On Tuesday, October 24th, Hunter Gardner, Associate Professor & Classics Program Director in the Department of Languages, Literatures, and Cultures at the University of South Carolina, traveled to Wake Forest University to give a presentation to students and faculty titled, “Bringing Out the Dead: Pestilence and the Body Politic in Latin Literature.” Prior to her talk, the department hosted a small luncheon with Professor Gardner and students from Professor Gellar-Goad’s “Latin Readings: Lucretius” course. This was a great opportunity for students to speak one-on-one with a Classics professor from another University. They had a chance to discuss Lucretius, Vergil, the profession of Classics, and how to pursue further studies in Classics both as a career and as a non-career calling.
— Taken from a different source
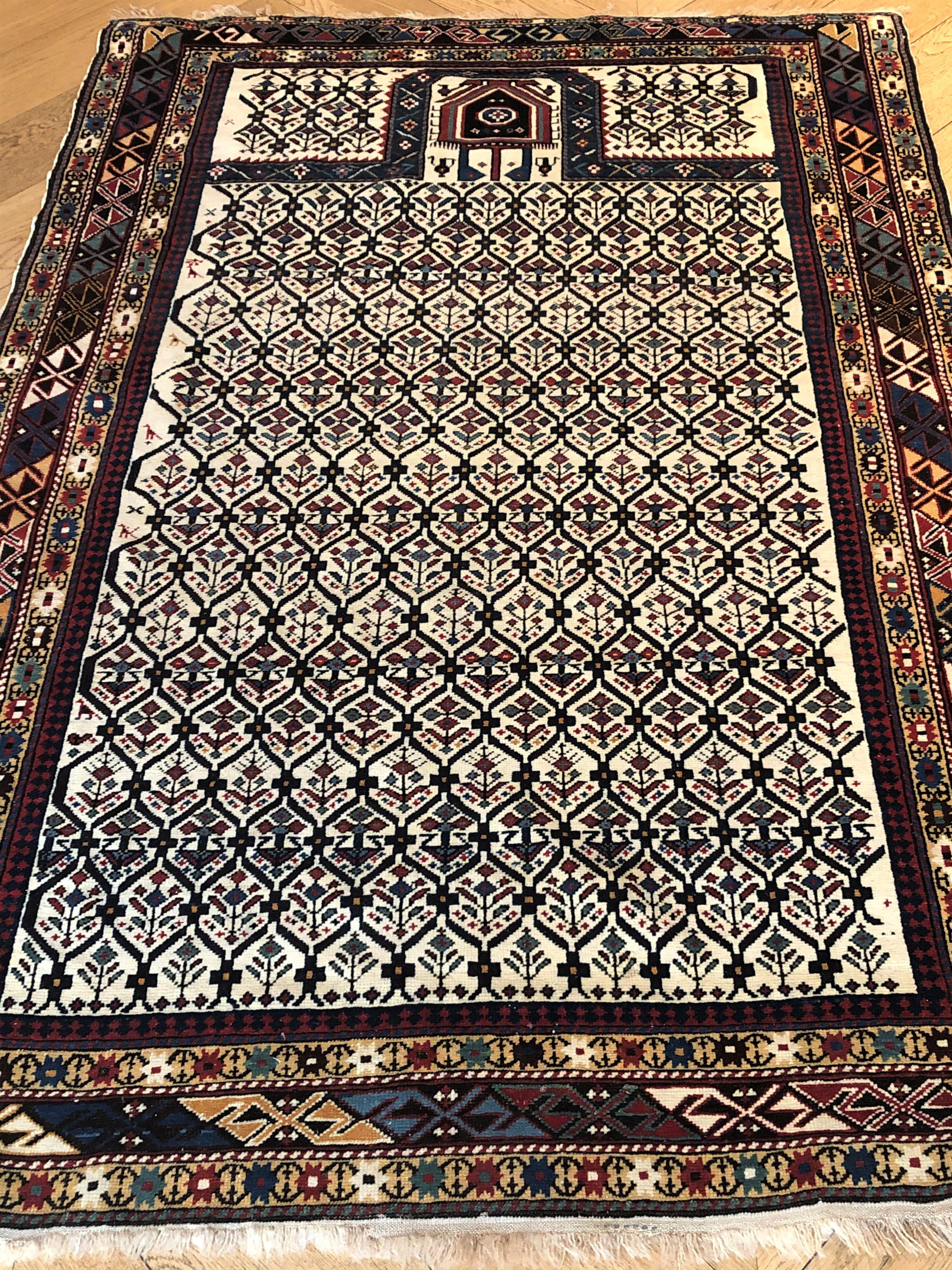 Here’s an antique prayer rug of Caucasian production from Dagestan. Dagestan means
This luncheon was made possible thanks to a grant from CAMWS, The Classical Association of the Middle West and South.

Pictured here (from left to right): Student Emelyn Hatch (’20, Classical Languages: Latin major), Professor Hunter Gardner, Professor Gellar-Goad, student Mark Brown (’18, Double major in Politics & Int’l Affairs and Latin)
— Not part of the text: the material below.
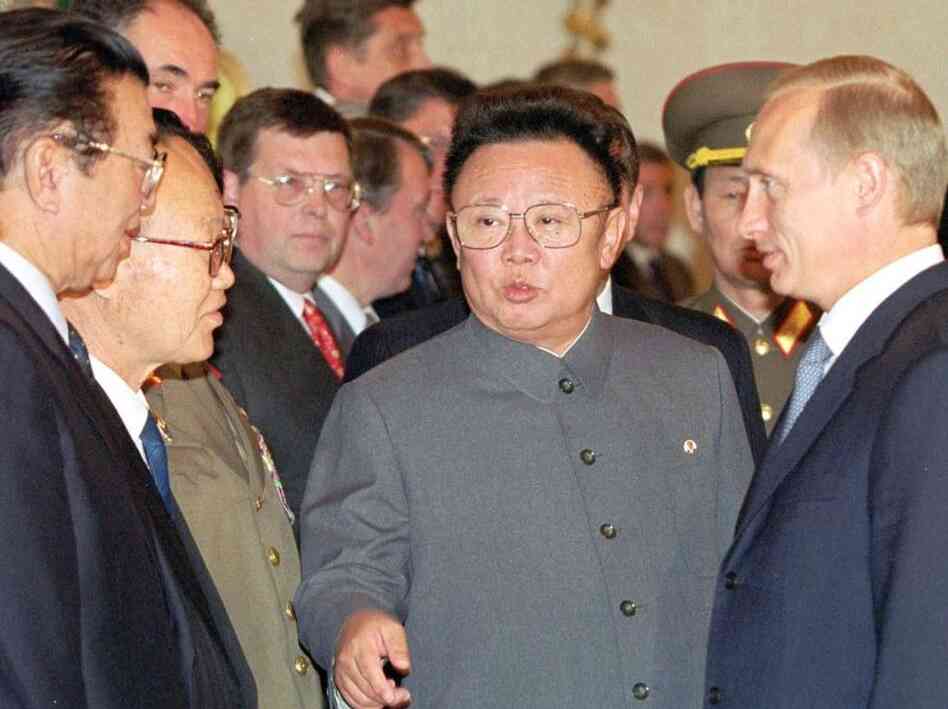 Kim Jong Il is seen here while introducing members of his delegation to Russian President Vladimir Putin.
On Tuesday, November 14th, Professor Scott DiGiulio from Mississippi State University presented “Gellius, Pliny the Younger, and the Reception of Quintilianic Rhetoric” via video conference.  In the picture below, Visiting Assistant Professor Dominic Machado introduces the speaker, Professor Scott DiGiulio, to the attending Classics professors and students.

On Thursday, November 30th, Professor Robyn Le Blanc from the University of Greensboro presented “Relocating Andromeda: Greco-Roman Myth and Heroes in Roman Iudaea, Syria Palaestina, and Arabia.

On March 13th, “Aristotle’s Silver Mean” was presented by Visiting Fellow Dan Russell. 

On April 25th, “Fathers, Sons, and Similes in Homer Odyssey 16” was presented by Deborah Beck, Associate Professor, Dept of Classics, University of Texas at Austin, via video conferencing.